The slings and arrows of outrageous fortune,

Or to take arms against a sea of troubles,

And by opposing end them.

It is necessary to meet this knowledge frankly, and to show him how it is that Shakespeare can be so great in spite of faults like this. It is the inclination of childhood to feel that a man must be perfect to be great, but even at the cost of encountering the difficulty of such a faith the truth must be told. In general, however, it is as well not to go out of the way to enforce the doctrine of human fallibility, and the youthful mind is best nourished by being fed on what is good, rather than by being taught to perceive what is bad.

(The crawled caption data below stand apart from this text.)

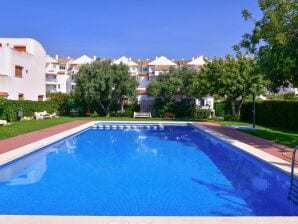 Holiday house Attraktive Wohnung in Torreblanca mit Garten - Alcossebre - image1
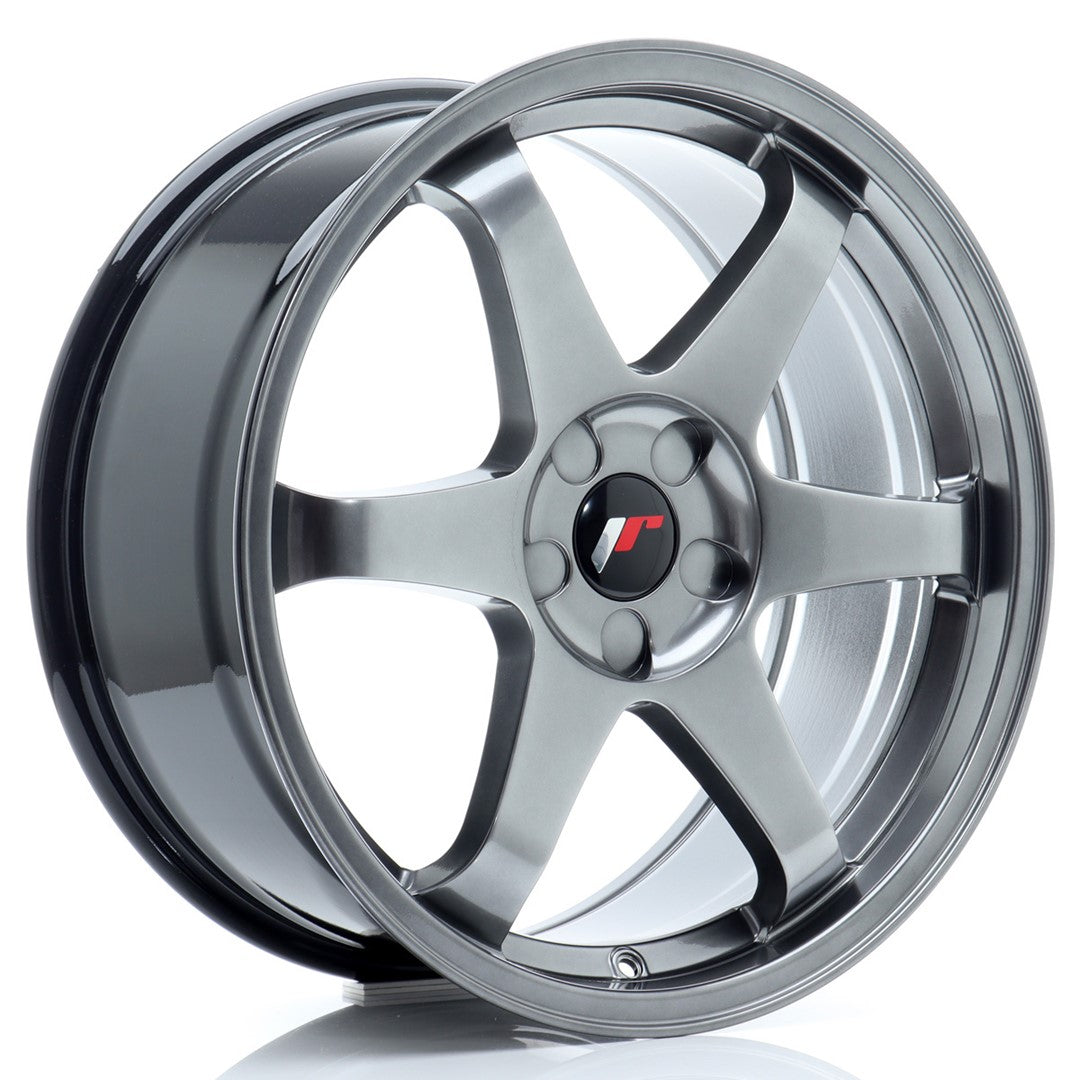 JR Wheels JR3N 19x8,5 – 5x108 – ET40 – CB63,4 – Festigkeitsgutachten (FG)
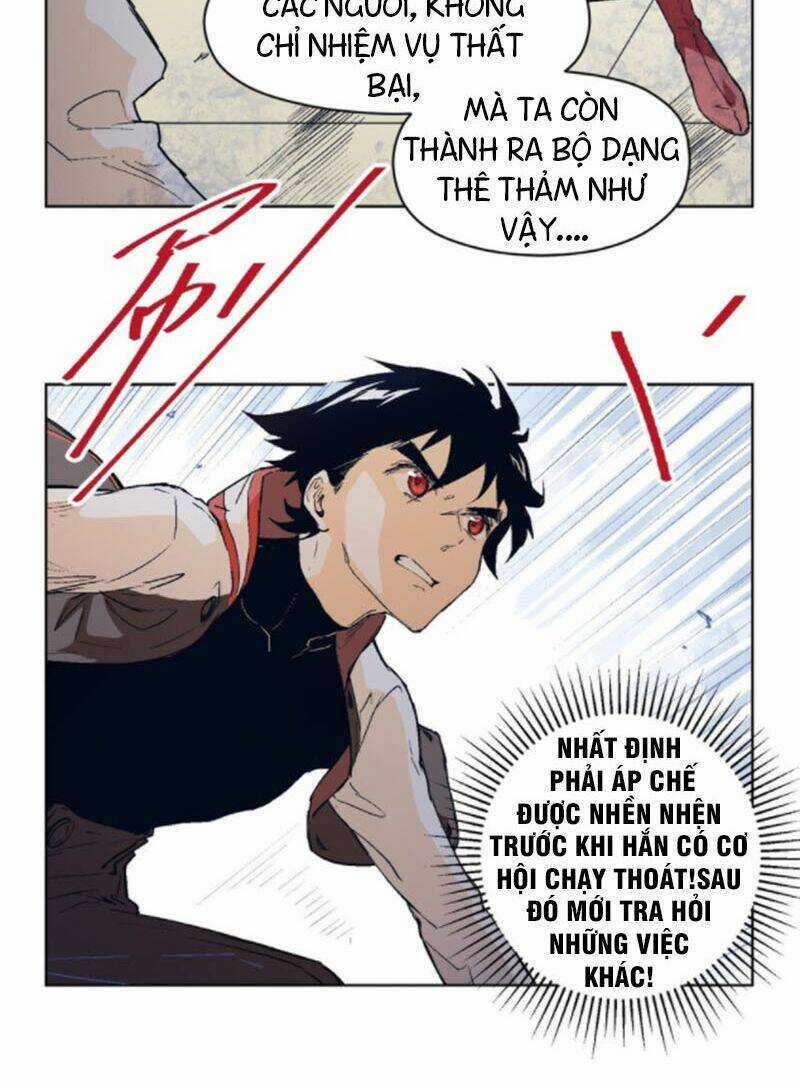 Vương Bài Đặc Công, Trùng Sinh Vườn Trường Chapter 18 trang 42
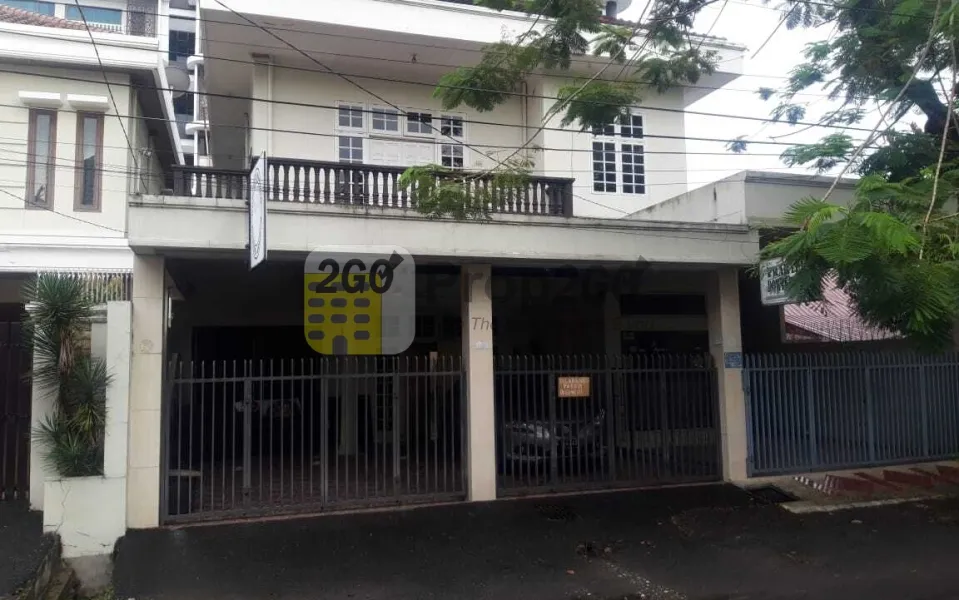 Dijual Rumah Siap Huni Jl. Sei Batang Serangan, Medan-R-0340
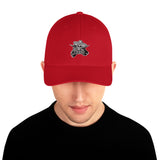 Los Muertos Flex Fit Cap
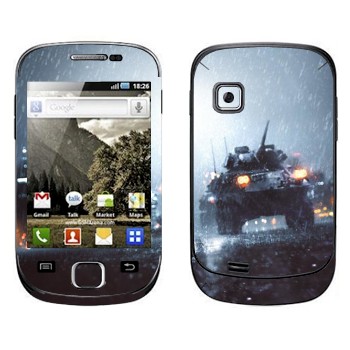   « - Battlefield»   Samsung Galaxy Fit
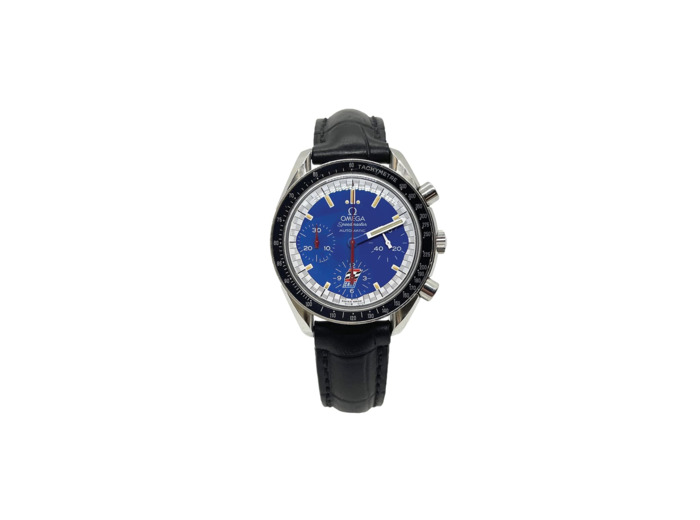 Omega speedmaster cart deals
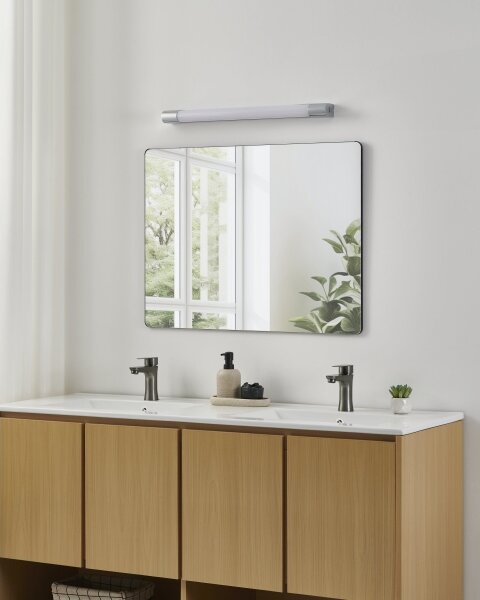 Eglo 98443 - Illuminazione a LED per specchio da bagno TRAGACETE LED/16W/230V IP44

When a pupil is asked to put into words the reason why a piece is written, he should be required to answer by a complete sentence, a properly phrased assertion. He is not unlikely to begin by giving a single term, an incomplete and tentative phrase, or at best a fragmentary statement. For the sake of the clearness of his own idea and of the habit of accurate thinking, he should be encouraged and expected to make the idea clear and the statement finished. Student-criticism, as I have said perhaps often enough already, cannot in the nature of things be either profound or exhaustive, but it should be intelligent and well defined as far as it goes.


XV
LITERARY WORKMANSHIP

The appreciation of literary workmanship dawns very slowly on the child's mind. In the secondary schools not much can be accomplished in the way of making students feel the niceties of literary art; but something should be done to enforce the nature and the worth of technique. Much that touches the undergraduate's feelings he cannot analyze, and should never in any work of the secondary schools be asked to criticise. He should, however, if he is to be systematically trained in the study of masterpieces, have knowledge enough of the qualities which distinguish them from lesser work to perceive on what their claims to superiority are founded. Children so naturally and so generally feel that distinctions which do not appeal to them are arbitrary, and it is of so much importance to guard against any feeling of this sort in the case of literature, that it is worth while to be at some pains to make distinctions perceptible, even if they may not always be made entirely clear.